11. INTERNAL FINANCIAL CONTROL
The Company has in place internal financial control systems
commensurate with the size, nature and complexity of its operations ensuring proper
recording of financials and monitoring of operational effectiveness and efficient conduct
of its business including adherence to the Company's Policies, safeguarding of its assets,
prevention and detection of frauds and errors, accuracy and completeness of accounting
records and compliance of various applicable regulatory and statutory requirements.

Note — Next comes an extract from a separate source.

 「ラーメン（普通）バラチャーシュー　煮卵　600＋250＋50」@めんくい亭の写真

The Internal Auditor monitors and evaluates the efficiency and adequacy
of Internal Control System. Based on their report, corrective actions are undertaken by
the concerned departments and thereby strengthen the Controls. Significant audit
observations corrective measures and actions thereon are presented to the Audit Committee
of the Board.
During the year such controls were tested and no reportable material
weaknesses were observed.
The Audit Committee comprises the majority of Independent Directors in
terms of the applicable provisions of the Companies Act, 2013 and SEBI (LODR) Regulations,
2015.
12. FIXED DEPOSITS
Your Company has not accepted any deposit from the Public/Members under
Section 73 of the Companies Act, 2013, read with Companies (Acceptance of Deposit) Rules,
2014 during the year under review and there are no deposits pending with the Company as on
the Balance Sheet closure date.
13. SHARE CAPITAL
There has been no change in the Company's Issued, Subscribed and
Paid-up Equity Share Capital in between the end of financial year 31st March, 2024 and
31st March, 2023. On 31st March, 2024, the Equity Share Capital stood at Rs. 3303.30 Lacs,
divided in to 33033000 Equity Shares of Rs. 10 each.
Board of Directors of the Company in their meeting held on 12"

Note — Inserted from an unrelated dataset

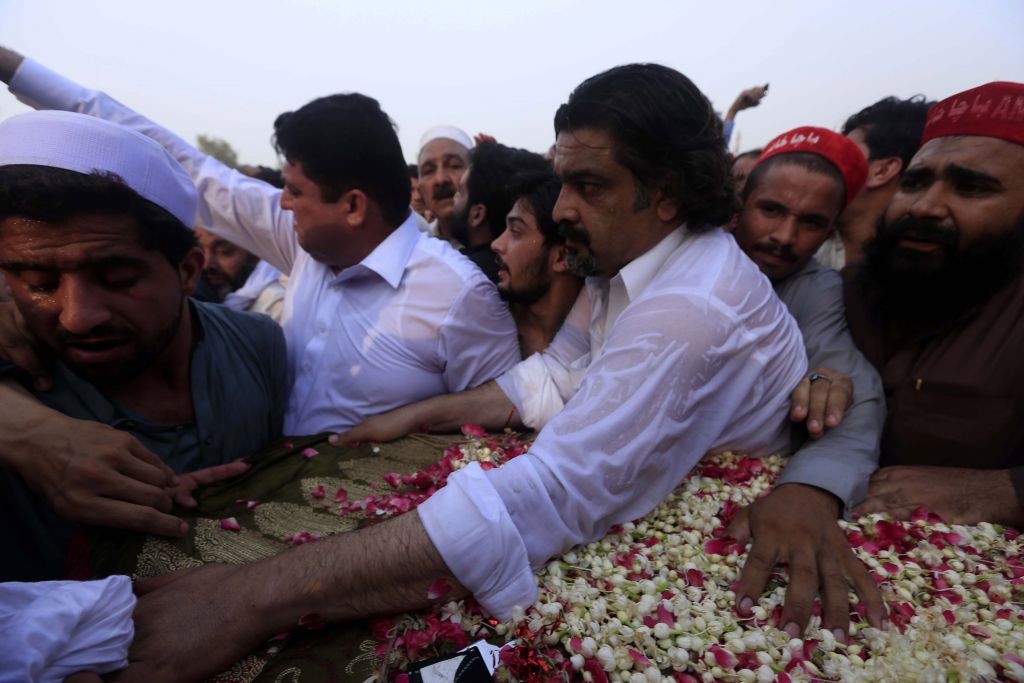 Πακιστάν: Στους 149 οι νεκροί της βομβιστικής επίθεσης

February, 2024, had redeemed 9,75,000, 0.01% NonConvertible Cumulative Redeemable
Preference Shares of Rs. 100 each aggregating to Rs. 9,75,00,000/- (Rupees Nine Crore
Seventy Five Lacs Only) out of the profit of the company.
14. DIRECTORS AND KEY MANAGERIAL PERSONNEL Appointment
Shri Omprakash Laxminarayan Kabra and Mrs Rita Chatterjee are
Non-Executive Directors, designated as Independent Director on the Board of Directors
(the Board') of the Company. With the enactment of the Companies Act, 2013
(the Act'), it is now incumbent upon every listed company to have the requisite
number of Independent Directors on the Board. Shri Omprakash Laxminarayan Kabra is being
appointed as Additional Directors, designated as Independent Director of the Company under
the Act and Mrs Rita Chatterjee is being appointed as Independent Director in casual
vacancy, caused by the resignation of Mrs. Nisha Singh.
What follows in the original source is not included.